L006 was Lu Shifu’s own No. 6 developing formula. I had seen his film rolls (negative film). Because he was very strict in processing film, the film was made transparent and smooth and could be preserved for as long as 100 years. He printed a special film bag with translucent copy paper and marked it with date, content, place, and title in carbon ink. In the film-dominated era, those techniques were precious. He realized that those consummate skills should be made public.
In 1982, I sent Mr. Lu’s manuscript to the editorial department of Mass Photography magazine by mail, but there had been no news of it since then. I asked the magazine to return it many times and didn’t receive any reply. I tried to take the manuscript back again ten years later, and in November 2003, it was finally sent back to me by Tong Shuheng, the former editor-in-chief of Mass Photography, ten years after his retirement. I was relieved and felt that I had fulfilled my wish.
I once took a portrait of Mr. Lu smoking and produced a “photographic print”. It was included in my Photographic Prints Collection published by Zhejiang Photography Publishing House. Its preface was written by Mr. Lang Jingshan. The two photographic masters in the 1930s met in this collection.
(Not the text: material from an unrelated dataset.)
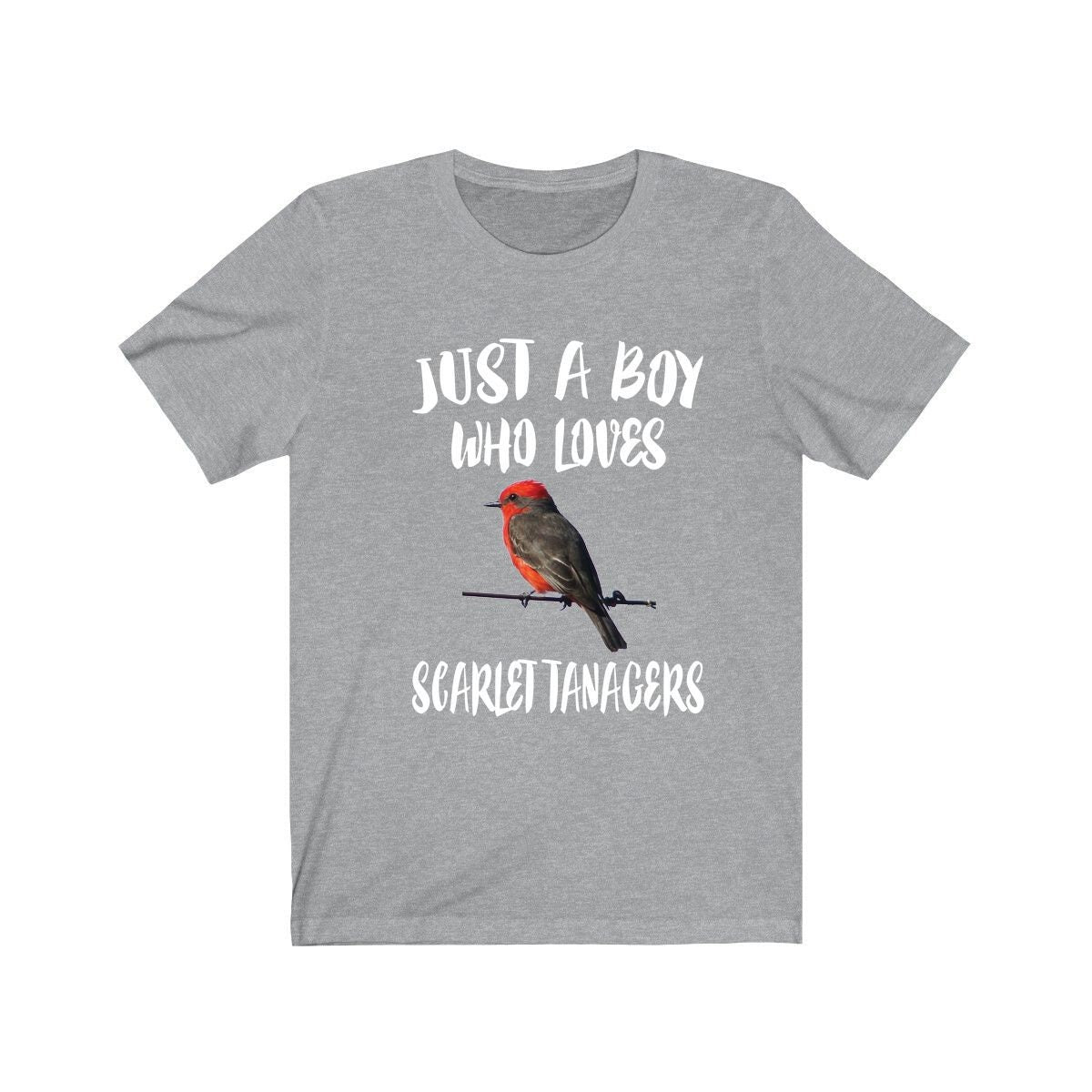 Just A Boy Who Loves Scarlet Tanagers Shirt, Scarlet Tanagers Lover Shirt, Birding Shirt, Bird Lover Gift, Animal Shirt Image 1
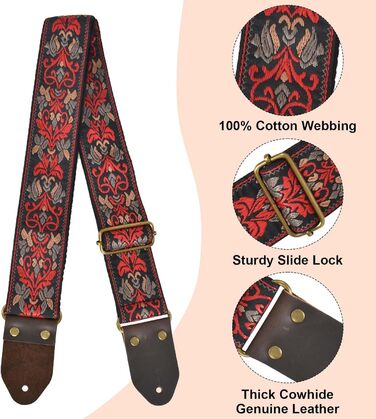 Гітарний ремінь з бавовни для акустичної гітари, 2 шт. Вишитий гітарний ремінь для бас-, електро- та акустичних гітар, безкоштовна пряжка, замок для ременя та медіатор, ретро-червона квітка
Because Mr. Lu was a pipe smoker, I asked him for a pipe as a souvenir. He said his pipes had been given away. But in the end, he still gave me a foldable sports pipe.
Mr. Lu died on November 23, 1983. I sketched a portrait of him in the funeral parlor that day, recording Lu’s serene and kind appearance with my pencil. Mr. Lu’s wife Liu Guoyun and his children all signed the sketch. It has become a masterpiece amongst my sketch works. It was also selected into the Kang Shiwei Sketch Works Collection published in 2015 and became a permanent memory of mine.
The year 2008 marked the 110th anniversary of the birth of Lu Shifu. As president and secretary-general of the Anhui Photographers Association, I held a theoretical seminar for him that year. Lu Tiangong, Mr. Lu’s youngest son, produced Lu Shifu’s photography postcards and essays at his own expense.
Lu Shifu’s Photography Art
I wrote the interview with Photographer Lu Shifu after I learned about his creative experience and artistic achievements through that interview with him. The article was in the 10th issue of Mass Photography magazine in 1982.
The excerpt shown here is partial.